Ainsi, ces premiers résultats permettent de conclure que tous les enseignants français ne sont pas prêts, de manière identique, à une transition vers le tout numérique, voire vers des formes renouvelées du travail enseignant et de scolarisation hors de l’école. Il est évident qu’il faut poursuivre l’analyse des processus à l’oeuvre et qu’il conviendrait de faire de cette expérience, une topographie d’épreuves vécues de manières différentes par les enseignants, construite selon leurs trajectoires personnelles et professionnelles, leurs contextes d’enseignement, leur discipline, leur ancienneté dans le métier, les usages possibles des technologies numériques qui s’imposent progressivement.

Pour ce faire, et afin de tenter d’accompagner les transformations du métier enseignant qui se profilent dans un avenir proche, nous envisageons d’articuler notre enquête ponctuelle par questionnaire à une étude longitudinale qui tient compte de la réalité du travail des usagers effectué dans ces nouvelles formes scolaires.
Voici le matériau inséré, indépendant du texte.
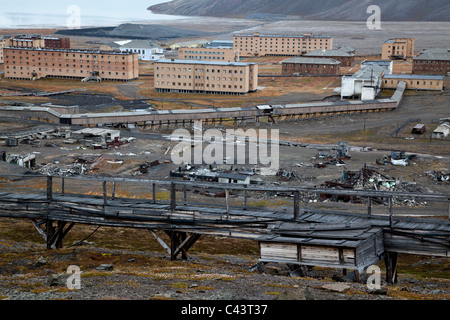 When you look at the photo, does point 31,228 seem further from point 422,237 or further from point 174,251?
point 422,237

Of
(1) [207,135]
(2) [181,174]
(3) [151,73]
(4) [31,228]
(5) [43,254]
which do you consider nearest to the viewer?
(5) [43,254]

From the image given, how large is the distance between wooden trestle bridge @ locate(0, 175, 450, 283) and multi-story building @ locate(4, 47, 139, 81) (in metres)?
72.6

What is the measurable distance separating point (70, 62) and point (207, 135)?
4681cm

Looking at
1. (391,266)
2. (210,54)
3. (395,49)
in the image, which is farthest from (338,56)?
(391,266)

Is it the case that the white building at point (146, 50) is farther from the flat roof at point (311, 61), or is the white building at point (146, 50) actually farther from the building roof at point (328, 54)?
the flat roof at point (311, 61)

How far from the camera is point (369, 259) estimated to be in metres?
19.1

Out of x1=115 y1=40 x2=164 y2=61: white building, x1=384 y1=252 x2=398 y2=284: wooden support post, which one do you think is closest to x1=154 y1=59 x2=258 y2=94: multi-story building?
x1=115 y1=40 x2=164 y2=61: white building

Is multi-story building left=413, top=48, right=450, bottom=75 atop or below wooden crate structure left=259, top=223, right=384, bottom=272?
atop

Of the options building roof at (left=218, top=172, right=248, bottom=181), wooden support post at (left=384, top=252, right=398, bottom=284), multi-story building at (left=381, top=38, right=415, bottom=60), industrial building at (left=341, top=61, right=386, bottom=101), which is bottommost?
building roof at (left=218, top=172, right=248, bottom=181)

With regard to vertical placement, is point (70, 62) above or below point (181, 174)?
above

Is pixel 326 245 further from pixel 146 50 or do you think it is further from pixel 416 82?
pixel 146 50

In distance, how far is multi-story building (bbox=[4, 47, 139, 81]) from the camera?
312 feet

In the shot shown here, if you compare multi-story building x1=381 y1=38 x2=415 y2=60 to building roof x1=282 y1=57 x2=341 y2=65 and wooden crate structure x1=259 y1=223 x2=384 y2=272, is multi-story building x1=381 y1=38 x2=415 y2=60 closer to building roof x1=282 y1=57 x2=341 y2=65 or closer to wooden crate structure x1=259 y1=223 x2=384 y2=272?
building roof x1=282 y1=57 x2=341 y2=65

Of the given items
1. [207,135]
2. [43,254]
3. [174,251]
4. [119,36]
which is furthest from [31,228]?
[119,36] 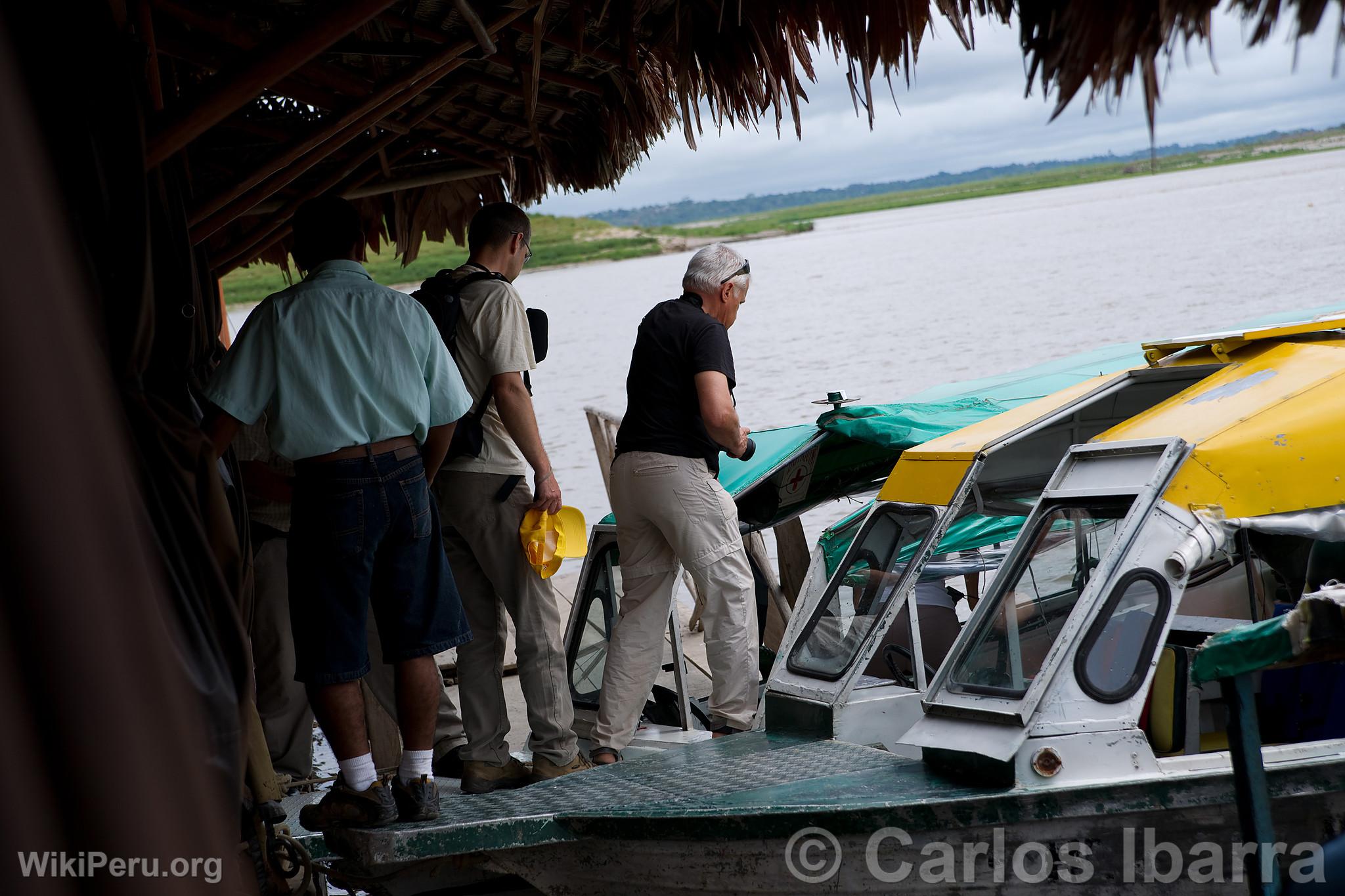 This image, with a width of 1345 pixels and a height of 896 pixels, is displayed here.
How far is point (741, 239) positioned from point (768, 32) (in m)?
95.6

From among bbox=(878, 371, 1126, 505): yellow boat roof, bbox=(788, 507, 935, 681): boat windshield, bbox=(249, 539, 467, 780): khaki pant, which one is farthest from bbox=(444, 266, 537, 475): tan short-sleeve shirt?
bbox=(878, 371, 1126, 505): yellow boat roof

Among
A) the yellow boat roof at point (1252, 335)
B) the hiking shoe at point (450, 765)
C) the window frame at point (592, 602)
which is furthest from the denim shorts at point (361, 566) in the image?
the yellow boat roof at point (1252, 335)

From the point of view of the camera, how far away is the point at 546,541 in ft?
14.6

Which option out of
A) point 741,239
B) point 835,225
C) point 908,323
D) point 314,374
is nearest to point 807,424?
point 314,374

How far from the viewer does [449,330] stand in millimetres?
4523

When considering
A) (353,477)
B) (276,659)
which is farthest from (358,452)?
(276,659)

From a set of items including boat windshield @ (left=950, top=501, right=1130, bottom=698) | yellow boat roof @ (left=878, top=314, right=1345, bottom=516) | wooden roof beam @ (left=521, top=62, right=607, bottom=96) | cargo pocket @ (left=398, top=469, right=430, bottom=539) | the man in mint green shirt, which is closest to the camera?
the man in mint green shirt

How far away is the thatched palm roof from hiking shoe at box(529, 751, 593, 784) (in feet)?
8.22

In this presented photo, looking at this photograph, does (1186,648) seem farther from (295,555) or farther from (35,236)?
(35,236)

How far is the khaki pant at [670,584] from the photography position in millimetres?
4789

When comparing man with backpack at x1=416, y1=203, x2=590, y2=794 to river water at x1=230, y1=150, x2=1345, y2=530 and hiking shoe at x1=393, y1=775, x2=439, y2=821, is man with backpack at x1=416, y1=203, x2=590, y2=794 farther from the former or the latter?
river water at x1=230, y1=150, x2=1345, y2=530

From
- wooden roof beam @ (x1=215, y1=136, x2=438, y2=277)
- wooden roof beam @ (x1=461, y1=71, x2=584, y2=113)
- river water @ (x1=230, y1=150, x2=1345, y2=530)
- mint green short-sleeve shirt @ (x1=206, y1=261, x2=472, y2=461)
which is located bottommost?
river water @ (x1=230, y1=150, x2=1345, y2=530)

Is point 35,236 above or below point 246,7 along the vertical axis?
below

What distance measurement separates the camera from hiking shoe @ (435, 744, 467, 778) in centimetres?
479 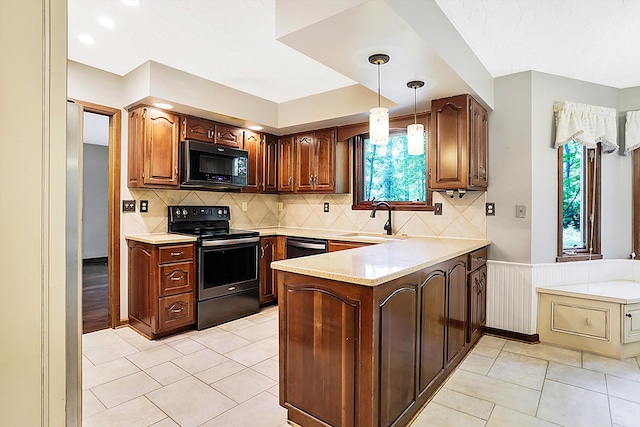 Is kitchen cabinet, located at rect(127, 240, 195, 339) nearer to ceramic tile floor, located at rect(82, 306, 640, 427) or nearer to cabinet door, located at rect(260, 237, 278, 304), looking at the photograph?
ceramic tile floor, located at rect(82, 306, 640, 427)

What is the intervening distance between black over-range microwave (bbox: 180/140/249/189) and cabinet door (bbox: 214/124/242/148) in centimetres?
12

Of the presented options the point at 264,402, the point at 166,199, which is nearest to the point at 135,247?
the point at 166,199

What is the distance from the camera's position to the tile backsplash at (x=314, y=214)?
3420mm

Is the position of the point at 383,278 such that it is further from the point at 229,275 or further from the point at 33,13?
the point at 229,275

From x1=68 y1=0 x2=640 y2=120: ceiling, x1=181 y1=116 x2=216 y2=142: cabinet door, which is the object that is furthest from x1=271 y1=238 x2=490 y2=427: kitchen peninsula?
x1=181 y1=116 x2=216 y2=142: cabinet door

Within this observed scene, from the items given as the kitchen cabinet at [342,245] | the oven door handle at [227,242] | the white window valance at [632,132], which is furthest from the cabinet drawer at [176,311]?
the white window valance at [632,132]

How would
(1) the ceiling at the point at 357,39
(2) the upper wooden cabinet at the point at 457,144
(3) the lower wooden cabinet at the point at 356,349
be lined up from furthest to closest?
(2) the upper wooden cabinet at the point at 457,144
(1) the ceiling at the point at 357,39
(3) the lower wooden cabinet at the point at 356,349

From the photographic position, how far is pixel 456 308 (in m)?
2.50

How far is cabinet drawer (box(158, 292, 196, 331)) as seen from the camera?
10.2 ft

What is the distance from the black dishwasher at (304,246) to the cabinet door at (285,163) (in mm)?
789

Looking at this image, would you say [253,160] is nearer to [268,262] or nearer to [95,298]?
[268,262]

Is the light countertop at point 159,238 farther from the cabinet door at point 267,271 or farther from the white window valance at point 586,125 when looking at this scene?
the white window valance at point 586,125

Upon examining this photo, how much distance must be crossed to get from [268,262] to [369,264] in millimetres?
2384

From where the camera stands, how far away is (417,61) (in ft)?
7.36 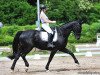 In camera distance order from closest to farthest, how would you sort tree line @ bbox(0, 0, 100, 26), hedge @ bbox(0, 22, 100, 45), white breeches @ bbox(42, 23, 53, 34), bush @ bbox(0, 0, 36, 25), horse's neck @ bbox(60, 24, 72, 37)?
white breeches @ bbox(42, 23, 53, 34) < horse's neck @ bbox(60, 24, 72, 37) < hedge @ bbox(0, 22, 100, 45) < bush @ bbox(0, 0, 36, 25) < tree line @ bbox(0, 0, 100, 26)

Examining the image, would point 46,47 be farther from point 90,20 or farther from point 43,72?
point 90,20

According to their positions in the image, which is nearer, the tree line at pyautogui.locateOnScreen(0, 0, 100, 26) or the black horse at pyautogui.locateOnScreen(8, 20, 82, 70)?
the black horse at pyautogui.locateOnScreen(8, 20, 82, 70)

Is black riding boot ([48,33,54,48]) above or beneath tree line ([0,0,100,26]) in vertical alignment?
above

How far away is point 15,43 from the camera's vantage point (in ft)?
59.9

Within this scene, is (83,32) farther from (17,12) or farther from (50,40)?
(50,40)

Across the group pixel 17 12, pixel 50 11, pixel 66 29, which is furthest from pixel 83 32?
pixel 66 29

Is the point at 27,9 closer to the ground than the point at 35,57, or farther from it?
closer to the ground

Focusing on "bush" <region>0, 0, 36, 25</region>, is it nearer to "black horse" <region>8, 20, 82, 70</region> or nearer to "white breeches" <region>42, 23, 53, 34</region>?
"black horse" <region>8, 20, 82, 70</region>

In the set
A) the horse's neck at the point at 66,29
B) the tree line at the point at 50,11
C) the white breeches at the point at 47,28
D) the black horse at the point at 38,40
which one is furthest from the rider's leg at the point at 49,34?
the tree line at the point at 50,11

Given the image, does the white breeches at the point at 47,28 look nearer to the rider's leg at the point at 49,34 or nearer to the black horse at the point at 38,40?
the rider's leg at the point at 49,34

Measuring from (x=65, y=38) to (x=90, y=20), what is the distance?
28.0m

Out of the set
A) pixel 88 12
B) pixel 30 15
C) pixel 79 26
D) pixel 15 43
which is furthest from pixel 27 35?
pixel 88 12

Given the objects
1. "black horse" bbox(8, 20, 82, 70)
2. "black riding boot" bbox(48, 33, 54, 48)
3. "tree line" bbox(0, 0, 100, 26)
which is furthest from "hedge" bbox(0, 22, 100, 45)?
"black riding boot" bbox(48, 33, 54, 48)

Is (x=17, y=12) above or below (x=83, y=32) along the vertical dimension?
below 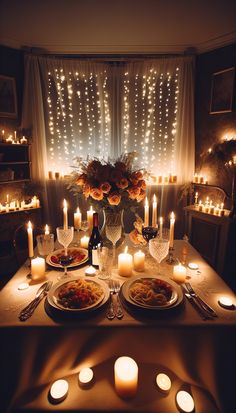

Dans une approche plus clinique des usages numériques (Bobillier-Chaumon et Clot, 2016), il est davantage question de mettre les technologies numériques à l’épreuve du réel, c’est-à-dire chercher à évaluer, en situation réelle de travail, leur utilité, utilisabilité et acceptabilité (Tricot et al., 2003), voire leur compatibilité avec les valeurs et les mobiles d’agir des enseignants, des élèves et de leurs familles. Au travers de méthodologies indirectes, il s’agit de mettre en débat les situations du travail et le travail enseignant, médiatisé par les technologies numériques, comme l’analysent Bobillier-Chaumon et Clot, à savoir le métier « qu’on fait » ou que « l’on souhaiterait » faire avec ou sans les dispositifs numériques ; celui que « l’on croit faire mal » ou que « l’on n’arrive plus à faire », celui que « l’on ne fera jamais » du fait de ces nouveaux outils et des dégradations des milieux et conditions de travail qu’on leur attribue. En favorisant des espaces de délibération sur le travail et sur les nouvelles formes qu’il entend prendre dans la perspective d’un travail et d’une organisation renouvelés, hors de l’école, on fait l’hypothèse que ce processus d’élaboration collective devrait permettre de créer de nouvelles marges de manoeuvre permettant aux enseignants, quel que soit leur profil, d’élargir leur champ d’action, de développer de nouvelles compétences susceptibles de contribuer au renouvellement de manière d’agir et de penser le métier d’enseignant, de règles d’usage et d’échanges dans le milieu de travail. C’est à cette condition, notamment en facilitant le travail des collectifs de professionnels, que l’on pourra penser que cette expérience à « grandeur réelle » est globalement profitable du point de vue du renouvellement des questions de métier, portant le débat, au-delà des difficultés personnelles et interpersonnelles, et davantage sur des questions d’organisation du travail (distanciel, présentiel, hybride, hybride synchrone) et de formation prenant en compte les nouvelles formes du travail enseignant.